# Spike sort

Notebook within the chronic ephys processing pipeline
- 1-preprocess_acoustics
- 2-curate_acoustics
- **3-sort_spikes**
- 4-curate_spikes

Use the environment **spikeproc** to run this notebook

In [None]:
import numpy as np
import os
import pickle
os.environ["NPY_MATLAB_PATH"] = '/mnt/cube/chronic_ephys/code/npy-matlab'
os.environ["KILOSORT2_PATH"] = '/mnt/cube/chronic_ephys/code/Kilosort2'
os.environ["KILOSORT3_PATH"] = '/mnt/cube/chronic_ephys/code/Kilosort'
import spikeinterface.full as si
import sys
import traceback
import torch
sys.path.append('/mnt/cube/lo/envs/ceciestunepipe/')
from ceciestunepipe.file import bcistructure as et
from ceciestunepipe.mods import probe_maps as pm

## Set parameters

In [2]:
si.get_default_sorter_params('kilosort4')

{'batch_size': 60000,
 'nblocks': 1,
 'Th_universal': 9,
 'Th_learned': 8,
 'do_CAR': True,
 'invert_sign': False,
 'nt': 61,
 'artifact_threshold': None,
 'nskip': 25,
 'whitening_range': 32,
 'binning_depth': 5,
 'sig_interp': 20,
 'nt0min': None,
 'dmin': None,
 'dminx': None,
 'min_template_size': 10,
 'template_sizes': 5,
 'nearest_chans': 10,
 'nearest_templates': 100,
 'templates_from_data': True,
 'n_templates': 6,
 'n_pcs': 6,
 'Th_single_ch': 6,
 'acg_threshold': 0.2,
 'ccg_threshold': 0.25,
 'cluster_downsampling': 20,
 'cluster_pcs': 64,
 'duplicate_spike_bins': 15,
 'do_correction': True,
 'keep_good_only': False,
 'save_extra_kwargs': False,
 'skip_kilosort_preprocessing': False,
 'scaleproc': None}

#### Set `dmin` and `dminx`
**Setting these appropriately will greatly reduce sort time**
- The default value for dmin is the median distance between contacts -- if contacts are irregularly spaced, like in a modular Neuropixels 2.0 setup, will need to specify a value
- The default for dminx is 32um (designed for Neuropixels probes)

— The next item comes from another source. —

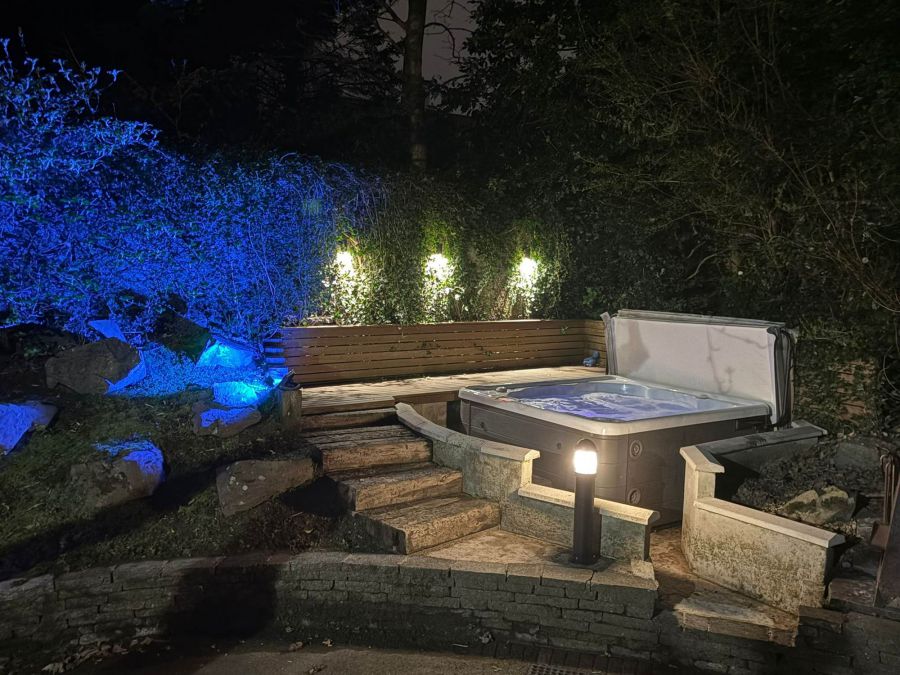 The Stables, 9 Deramore Park South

Support documentation [here](https://kilosort.readthedocs.io/en/latest/parameters.html#dmin-and-dminx)

In [3]:
# non default spike sorting parameters
sort_params_dict_ks3 = {'minFR':0.001, 'minfr_goodchannels':0.001} # kilosort 3
sort_params_dict_ks4_npx = {'nblocks':5, 'Th_universal':8, 'Th_learned':7, 'dmin':15, 'dminx':32} # kilosort 4, neuropixels (set dmin and dminx to true pitch)
sort_params_dict_ks4_nnx64 = {'nblocks':0, 'nearest_templates':64,
                              'Th_universal':8, 'Th_learned':7} # kilosort 4, neuronexus 64 chan

# waveform extraction parameters
wave_params_dict = {'ms_before':1, 'ms_after':2, 'max_spikes_per_unit':500,
                    'sparse':True, 'num_spikes_for_sparsity':100, 'method':'radius',
                    'radius_um':40, 'n_components':5, 'mode':'by_channel_local'}

# print stuff
verbose = True

# errors break sorting
raise_error = False

# restrict sorting to a specific GPU
restrict_to_gpu = 1 # 0 1 None

# use specific GPU if specified
if restrict_to_gpu is not None:
    os.environ["CUDA_DEVICE_ORDER"] = "PCI_BUS_ID"
    os.environ["CUDA_VISIBLE_DEVICES"] = "{}".format(restrict_to_gpu)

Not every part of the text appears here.